Approaching this CD without prejudice, I'm in agreement with Mr. Behr, who points to vivid, visceral recorded sound -- the piano is caught with real depth and impact -- and Kissin's extraordinary technical prowess. In terms of keyboard mastery, we are at the very highest echelon, the territory of Horowitz and Pollini. Kissin is perfectly at ease in the Prokofiev Second, making child's play of passages that are often banged out with effort. Prokofiev's keyboard idiom embraced motor rhythms and the percussive side of the piano's range, as did Bartok. The Second takes his modernism to a farther extreme than any other of the five concertos, which accounts for its neglect, both in the past and present. Kissin is less bombastic than most, and his mastery over the idiom cannot be faulted. He may be dubious in Beethoven, but in Russian music he's unassailable.
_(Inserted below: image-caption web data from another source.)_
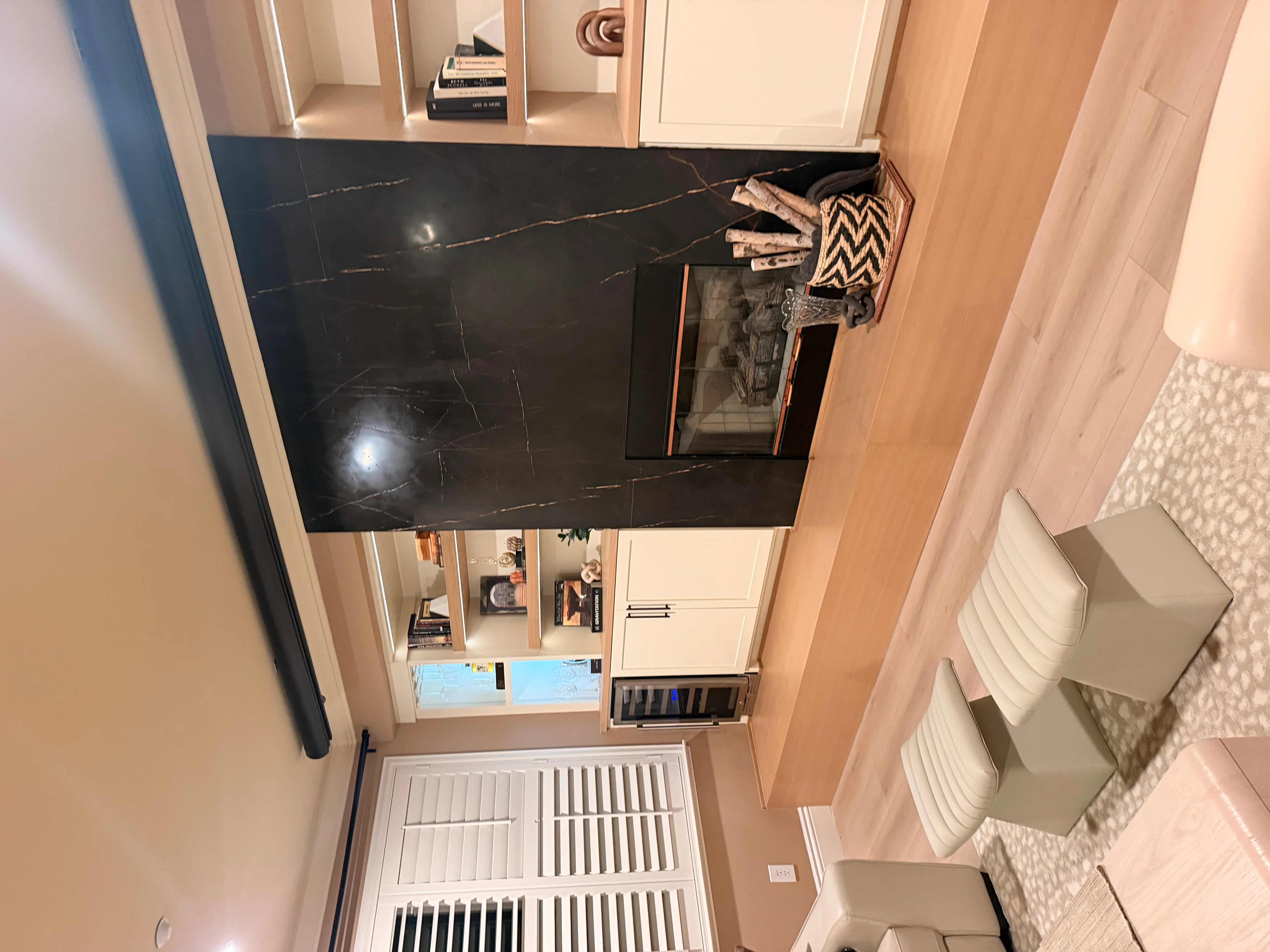 Black marble tile floor with gold veining, white cabinetry, and bathroom fixtures in renovated space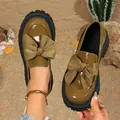 Detail view of olive green patent leather loafers with large bows and platform soles. - 36 / Brown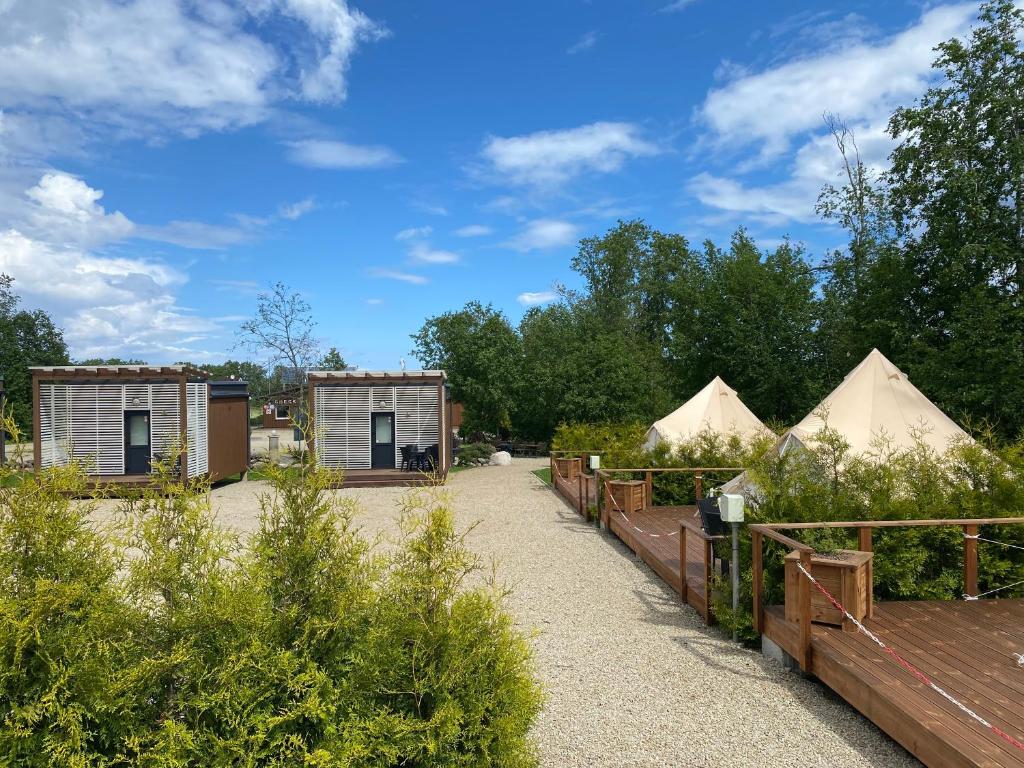 a group of tents in a garden with trees at Mereoja Camping in Kõrkküla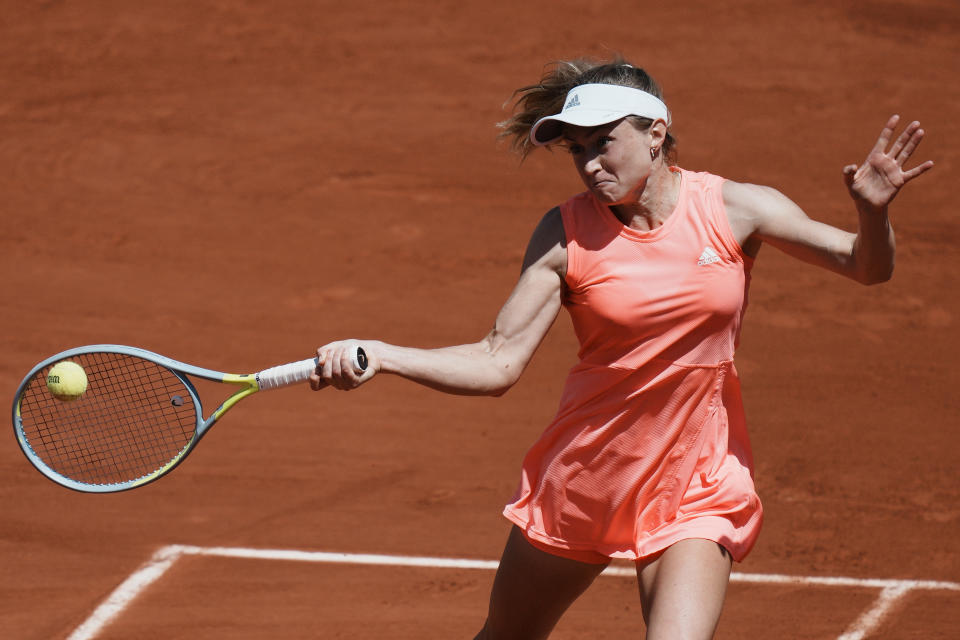 Aliaksandra Sasnovich of Belarus returns the ball to Britain's Emma Raducanu during their second round match of the French Open tennis tournament at the Roland Garros stadium Wednesday, May 25, 2022 in Paris. (AP Photo/Thibault Camus)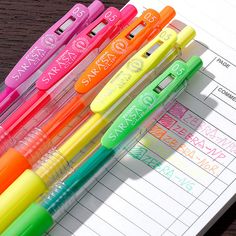 four different colored pens sitting on top of an open notebook with the same pen in it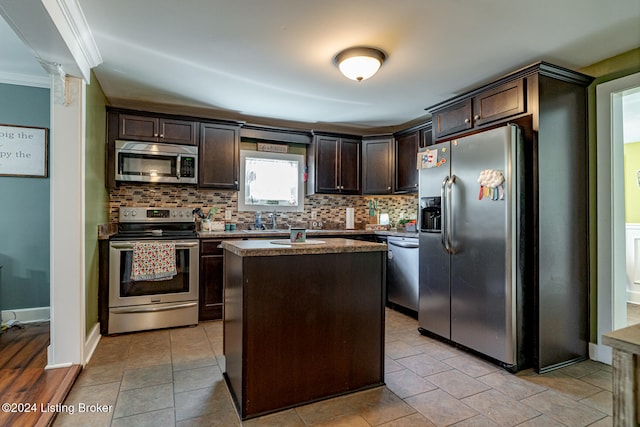 kitchen featuring ornamental molding, tasteful backsplash, a kitchen island, dark brown cabinets, and stainless steel appliances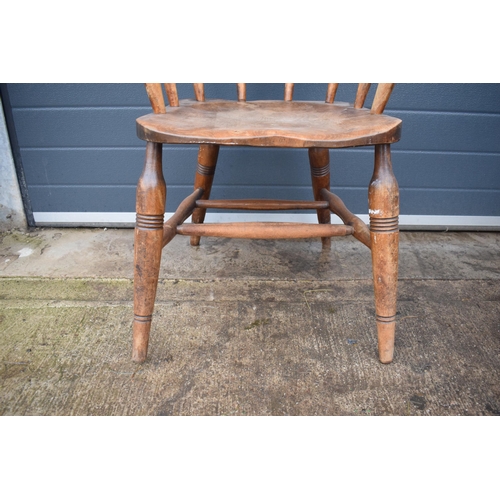 336 - A late 19th century elm or similar Captains bow back arm chair. 79cm tall. In good condition with si... 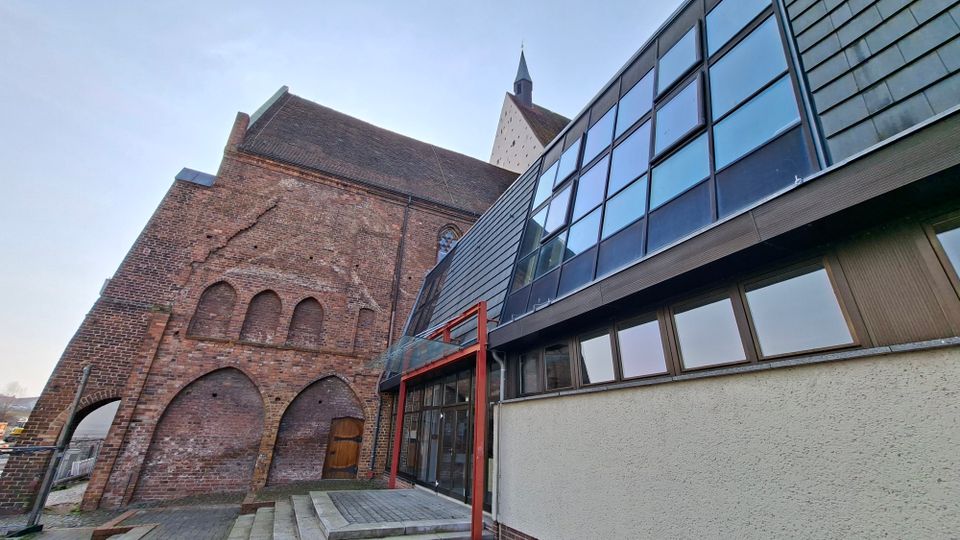 Außenansicht eines Backstein-Kirchengebäudes mit spitzem Turm, neben dem ein moderner Anbau mit großen Glasfenstern und schräger Metallverkleidung anschließt. Im Vordergrund führen Stufen zu einem verglasten Eingangsbereich; die Kirchenwand zeigt gemauerte Rundbogen-Nischen und eine zugemauerte Türöffnung.
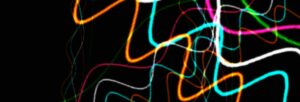 An abstract image of wiggles of brightly coloured light against a black background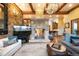Cozy living room with a stone fireplace, comfortable seating, hardwood floors, and a large area rug at 3120 Bears Den Dr, Sedalia, CO 80135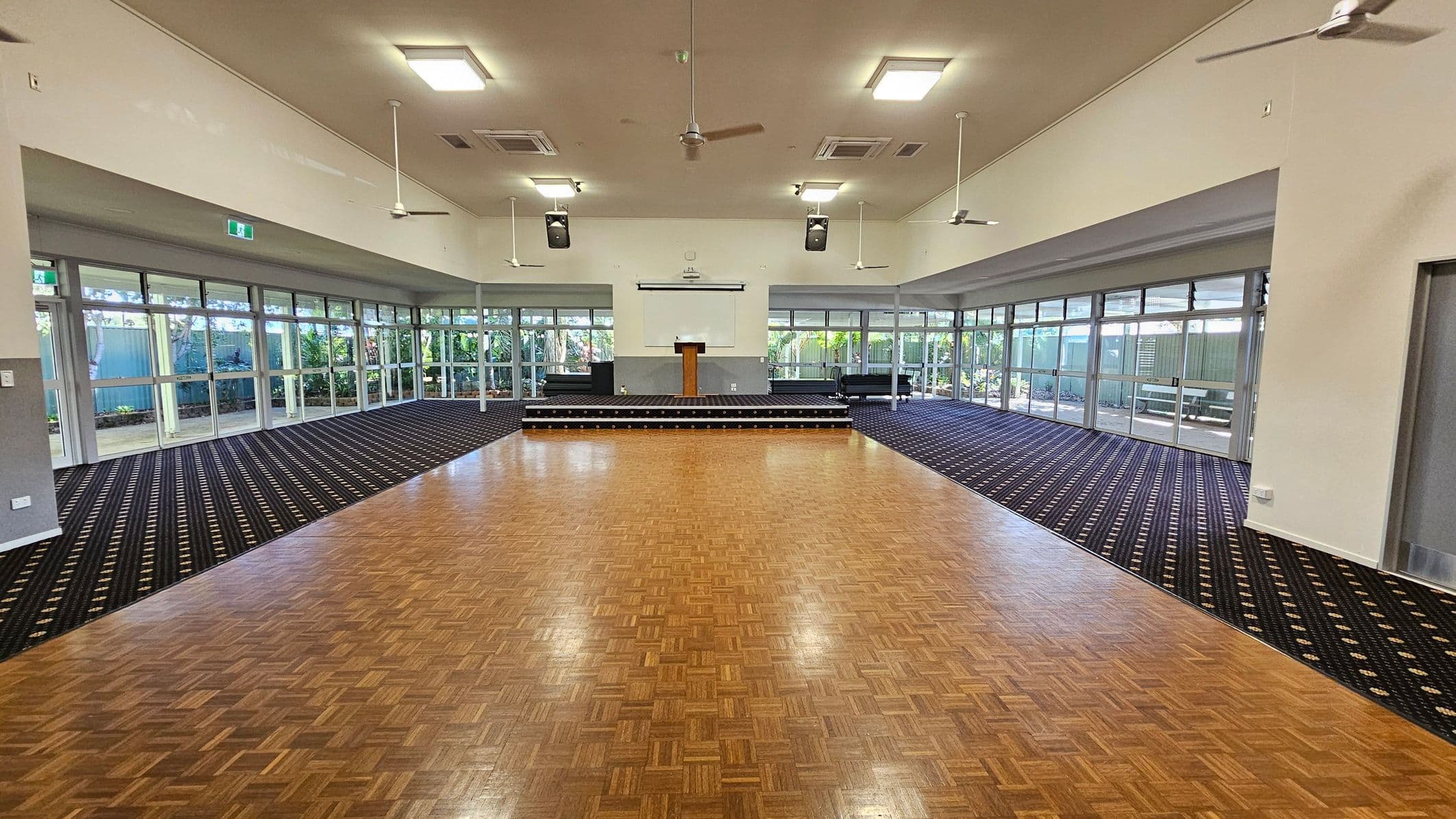 A spacious hall with a wooden parquet floor in the centre and patterned carpet on the sides. At the far end, there's a small stage with a lectern. Large windows line the left and right walls, allowing natural light to enter. Ceiling fans and lights are evenly spaced across the ceiling. The walls are light-coloured, and there are exit signs above the doors. The background shows greenery outside the windows.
The Third Cto. is Prokofiev's most popular by far, and the range of great recordings extends back as far as William Kapell in the early Fifties to Gary Graffman in the Sixties (with George Szell as a razor-sharp but elegant accompanist) and Argerich among contemporaries. Kissin re4turns to the work for the third time here, competing with his younger self on RCA and DG. Both of those recordings were powerful, elegant, elegiac, and witty, capturing the shifting moods of a mercurial work.